Sabemos ya de sobras que no podemos decidir sobre el ‘qué dirán’ ni el ‘qué harán’. Tampoco tenemos superpoderes para que ocurra aquello que tanta ilusión nos hace. Por ello a veces sufrimos, y es difícil evitarlo. Las expectativas que son mejores que la realidad, frustran. Las palabras necias, duelen. Acciones ajenas inexplicables, cabrean.
“¿Y cómo hago para no sufrir por ello?” Centrándote en lo que sí está bajo tu control, en lo que sí depende de ti.
Todos hemos ido en barco o nadado en el mar, ¿cierto? Habrás sentido que estar sobre un medio líquido (el agua en este caso) no es como ir sobre tierra: cuando caminamos o vamos en coche, la velocidad es directamente proporcional al esfuerzo que hacemos, ya sean nuestras piernas o el motor. Si frenamos, frenamos en seco; si giro 90º a la derecha, giro 90º a la derecha. Simplificando mucho, no hay otros factores que modifiquen tu trayecto.
Pero, ¿qué pasa en el agua? Cuando intentamos virar (girar) con un barco debemos tener en cuenta también la corriente y el viento, el esfuerzo que debemos hacer con nuestros brazos al nadar dependerá mucho de si hay olas o no.
¿Ves por dónde voy? En el mar hay factores externos que no están bajo nuestro control (las olas, la corriente, el viento, etc) y que pueden influir mucho en nuestro trayecto.

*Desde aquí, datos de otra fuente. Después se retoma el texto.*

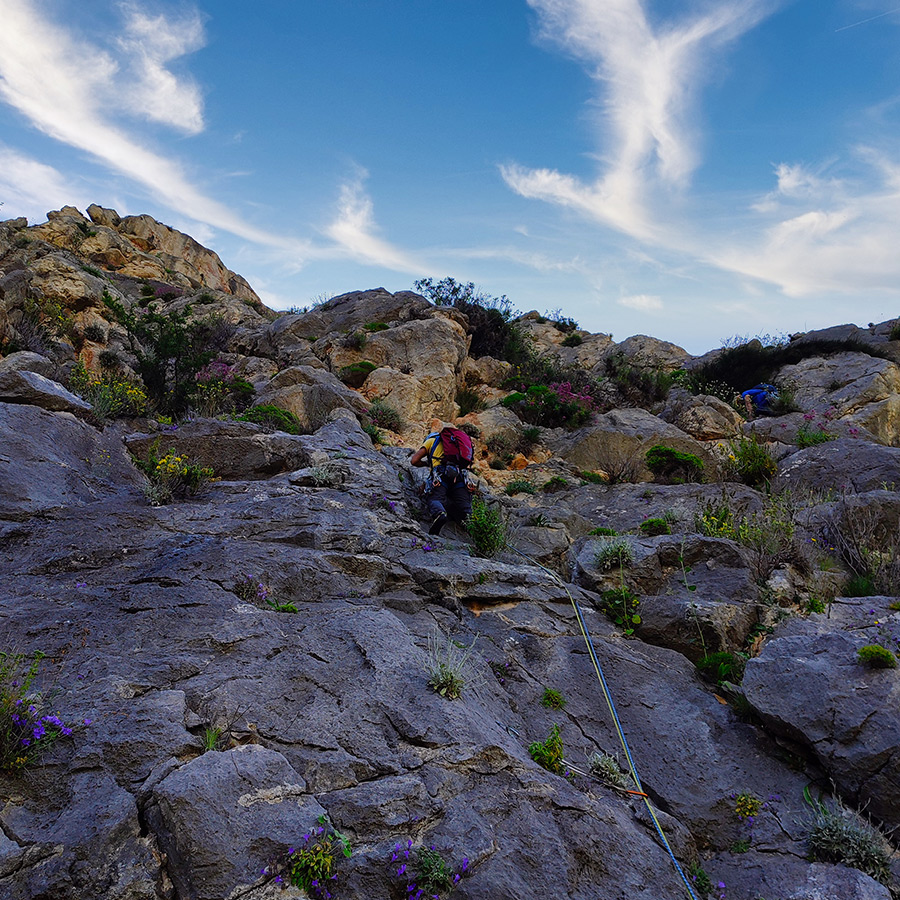 Ek_Tou_Anasfalous_Web_Images_11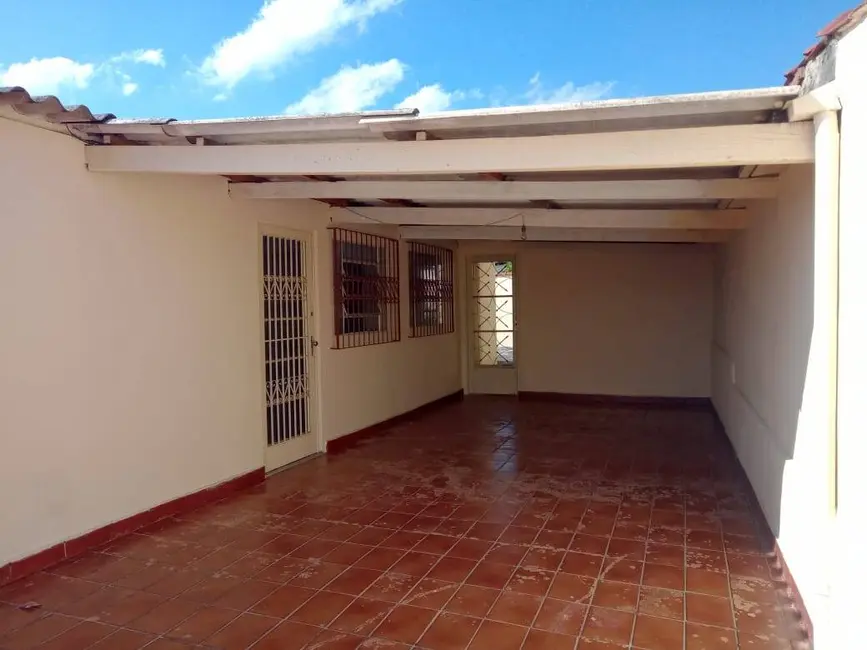 Casa com 2 quartos à venda, 92m2 em Conjunto Habitacional Pedro Afonso Junqueira, Pocos De Caldas - MG - imagem 4 Foto 4 de Casa com 2 quartos à venda, 92m2 em Conjunto Habitacional Pedro Afonso Junqueira, Pocos De Caldas - MG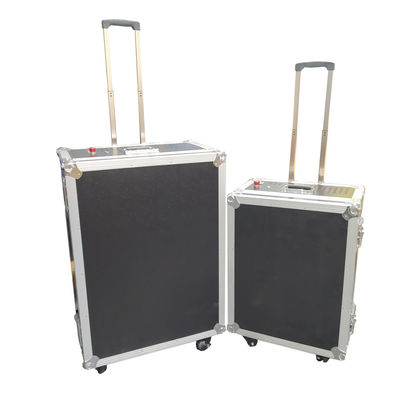 屋外のための手持ち型のクリーニング レーザーの錆取り外し機械セリウム200W 100W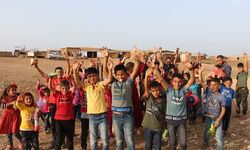 Hayırsever gençler Urfa'daki göçer çocukları unutmadı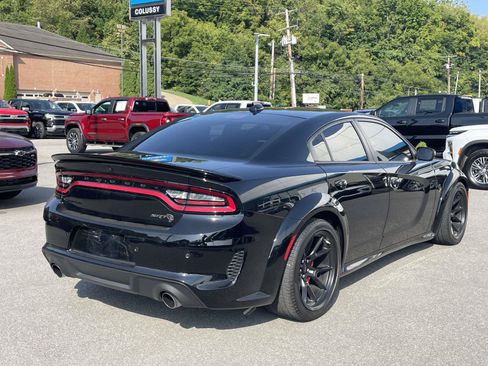 Used 2021 Dodge Charger SRT Hellcat RWD image 3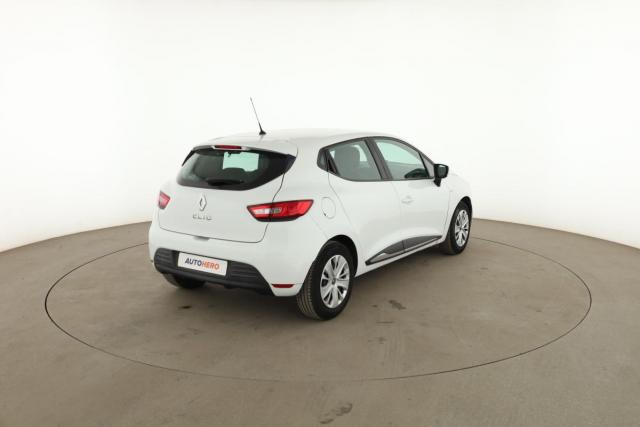 Renault Clio image 2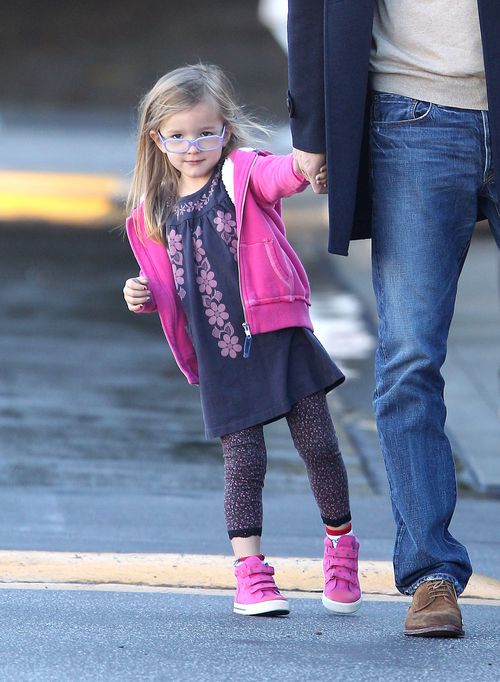 Ben Affleck sam zajmuje się córkami (FOTO)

¿Qué pasa si en el agua te paras y no haces nada? ¿Si no remas, si apagas el motor y pliegas las velas? Que vas a la deriva: la corriente, las olas y el viento decidirán tu ruta, no tendrás ningún control sobre ello.
¿Pero qué pasa si, conociendo la corriente del día y estudiando las olas y el viento, trazas un plan para llegar al destino elegido? Que llegas, con más o menos esfuerzo, pero llegas.
¿Dónde está la diferencia entre la primera situación y la segunda? Que en la segunda has tomado consciencia de la situación (externa e interna) y has decidido hacer algo al respecto y gestionar aquello que sí está bajo tu control, has tomado responsabilidad sobre ello.
Sólo así se llega a puerto.
Así que: no vayas a la deriva, NAVEGA.